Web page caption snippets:
*** Begin section ***

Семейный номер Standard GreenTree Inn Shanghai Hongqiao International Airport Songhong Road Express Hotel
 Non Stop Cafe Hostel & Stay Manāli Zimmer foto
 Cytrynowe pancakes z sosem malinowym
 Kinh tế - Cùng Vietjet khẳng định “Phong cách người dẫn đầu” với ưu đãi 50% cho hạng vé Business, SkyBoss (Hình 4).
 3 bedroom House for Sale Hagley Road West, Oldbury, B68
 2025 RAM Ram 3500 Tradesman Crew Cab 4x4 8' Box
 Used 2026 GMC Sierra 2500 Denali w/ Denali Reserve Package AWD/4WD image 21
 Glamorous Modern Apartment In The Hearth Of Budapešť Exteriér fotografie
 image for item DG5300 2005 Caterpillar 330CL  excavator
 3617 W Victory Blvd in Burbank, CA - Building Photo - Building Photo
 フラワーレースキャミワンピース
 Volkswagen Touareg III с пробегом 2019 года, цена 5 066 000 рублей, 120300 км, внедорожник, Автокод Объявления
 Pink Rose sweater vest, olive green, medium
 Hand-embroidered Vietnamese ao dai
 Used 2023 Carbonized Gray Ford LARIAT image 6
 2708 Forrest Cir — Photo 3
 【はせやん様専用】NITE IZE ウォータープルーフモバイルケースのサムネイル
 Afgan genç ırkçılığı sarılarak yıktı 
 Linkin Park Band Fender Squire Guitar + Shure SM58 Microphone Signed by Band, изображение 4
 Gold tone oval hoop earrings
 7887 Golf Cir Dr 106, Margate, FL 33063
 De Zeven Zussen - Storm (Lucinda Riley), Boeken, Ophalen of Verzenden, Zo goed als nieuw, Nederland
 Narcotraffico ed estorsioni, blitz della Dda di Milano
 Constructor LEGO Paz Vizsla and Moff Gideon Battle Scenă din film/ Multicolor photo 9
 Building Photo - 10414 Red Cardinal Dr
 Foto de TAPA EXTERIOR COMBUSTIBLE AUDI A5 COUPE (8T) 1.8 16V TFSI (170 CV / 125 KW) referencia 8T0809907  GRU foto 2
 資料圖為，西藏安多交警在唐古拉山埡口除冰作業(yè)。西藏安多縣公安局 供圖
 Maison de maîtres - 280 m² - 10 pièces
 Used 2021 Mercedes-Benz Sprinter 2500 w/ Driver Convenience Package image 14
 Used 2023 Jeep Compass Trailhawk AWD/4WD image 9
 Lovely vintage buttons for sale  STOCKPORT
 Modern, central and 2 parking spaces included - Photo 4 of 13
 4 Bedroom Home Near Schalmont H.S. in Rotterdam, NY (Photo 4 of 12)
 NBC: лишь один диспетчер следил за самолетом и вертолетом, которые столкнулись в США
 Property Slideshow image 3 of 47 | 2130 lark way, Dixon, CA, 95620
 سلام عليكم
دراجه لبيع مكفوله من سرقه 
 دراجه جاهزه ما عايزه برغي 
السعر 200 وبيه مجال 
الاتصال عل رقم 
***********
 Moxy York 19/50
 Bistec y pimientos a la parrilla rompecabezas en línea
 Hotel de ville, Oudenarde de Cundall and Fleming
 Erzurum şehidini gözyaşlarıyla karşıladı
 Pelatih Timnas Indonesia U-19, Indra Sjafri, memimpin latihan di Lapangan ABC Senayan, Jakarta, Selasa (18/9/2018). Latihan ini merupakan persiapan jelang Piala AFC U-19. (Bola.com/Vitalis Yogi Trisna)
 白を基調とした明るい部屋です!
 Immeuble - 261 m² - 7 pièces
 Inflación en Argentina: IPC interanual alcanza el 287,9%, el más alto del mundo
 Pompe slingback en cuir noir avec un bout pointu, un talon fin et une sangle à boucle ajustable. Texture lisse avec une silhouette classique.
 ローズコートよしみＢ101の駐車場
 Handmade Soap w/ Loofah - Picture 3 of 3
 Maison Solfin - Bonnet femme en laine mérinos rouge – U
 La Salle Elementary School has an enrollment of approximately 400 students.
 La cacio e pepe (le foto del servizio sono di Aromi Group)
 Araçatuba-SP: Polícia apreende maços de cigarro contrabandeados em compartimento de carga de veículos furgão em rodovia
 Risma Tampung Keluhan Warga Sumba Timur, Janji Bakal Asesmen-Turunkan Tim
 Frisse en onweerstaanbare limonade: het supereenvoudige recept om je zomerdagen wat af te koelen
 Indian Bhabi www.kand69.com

*** End section ***

Start at the first line of the entries above. Set down each line exactly through the one with "Cytrynowe pancakes z sosem malinowym", and stop there.

Solution for this exercise:
Семейный номер Standard GreenTree Inn Shanghai Hongqiao International Airport Songhong Road Express Hotel
 Non Stop Cafe Hostel & Stay Manāli Zimmer foto
 Cytrynowe pancakes z sosem malinowym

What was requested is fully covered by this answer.